Les procureurs suédois ont rouvert leur enquête sur une allégation de viol déposée en 2010 contre le fondateur de Wikileaks, Julian Assange, un premier pas sur la voie de son extradition vers la Suède. L'affaire suédoise a été classée en 2017 en raison de l'asile en cours à Assange auprès de l'ambassade équatorienne à Londres.

Cet asile - qui a débuté en 2012 - a pris fin le mois dernier lorsque Assange a finalement été expulsé de l'ambassade et a été rapidement arrêté par les autorités britanniques. Un juge l'a condamné à 50 semaines de prison pour avoir sauté sous caution.

"Il y a toujours une cause probable pour soupçonner que M. Assange a commis un viol", a déclaré lundi à l'AFP Eva-Marie Persson, procureur suédoise, lors d'une conférence de presse.

Assange est accusé d'avoir agressé sexuellement deux femmes en Suède. L'enquête sur le viol a été rouverte à la demande de la victime présumée.

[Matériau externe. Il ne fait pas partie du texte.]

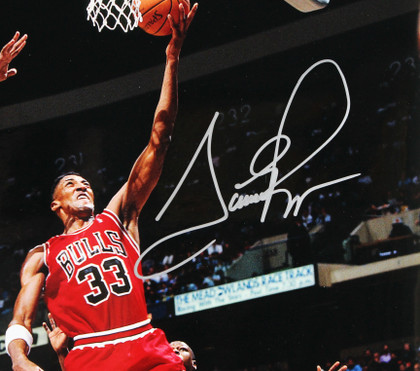 Bulls Scottie Pippen Authentic Signed 16x20 Vertical Photo BAS #BW21111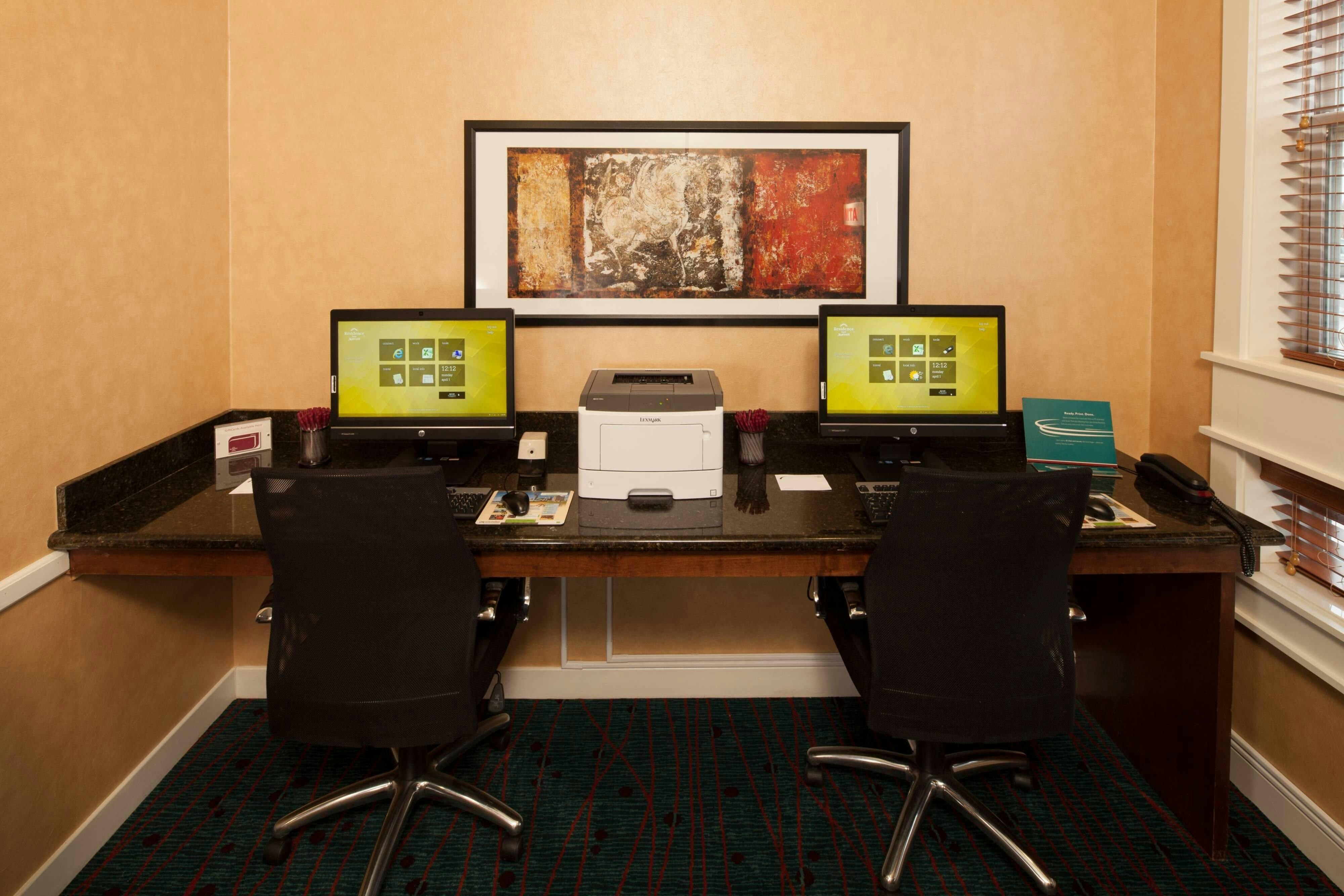 Residence Inn by Marriott Plazzio East 28/34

Persson a déclaré que le délai était crucial dans le cas de viol, car le délai de prescription relatif à l'une des agressions présumées venait à expiration en août 2020. Le délai de prescription avait déjà expiré dans le cas de l'autre femme.

Si la Suède demande officiellement l'extradition d'Assange vers la Suède, il appartiendra aux autorités britanniques de décider si la demande de la Suède a préséance sur une demande d'extradition des États-Unis. Les autorités américaines cherchent à poursuivre Assange pour avoir tenté, sans succès, d'aider Chelsea Manning à déchiffrer le mot de passe d'un ordinateur militaire américain.

Manning a récemment été libérée après deux mois de prison après avoir été reconnue coupable d'outrage au tribunal pour avoir refusé de témoigner devant un grand jury américain au sujet de ses interactions avec Assange. Elle a déclaré qu'elle ne témoignerait pas dans cette affaire et risquerait en conséquence une peine d'emprisonnement supplémentaire.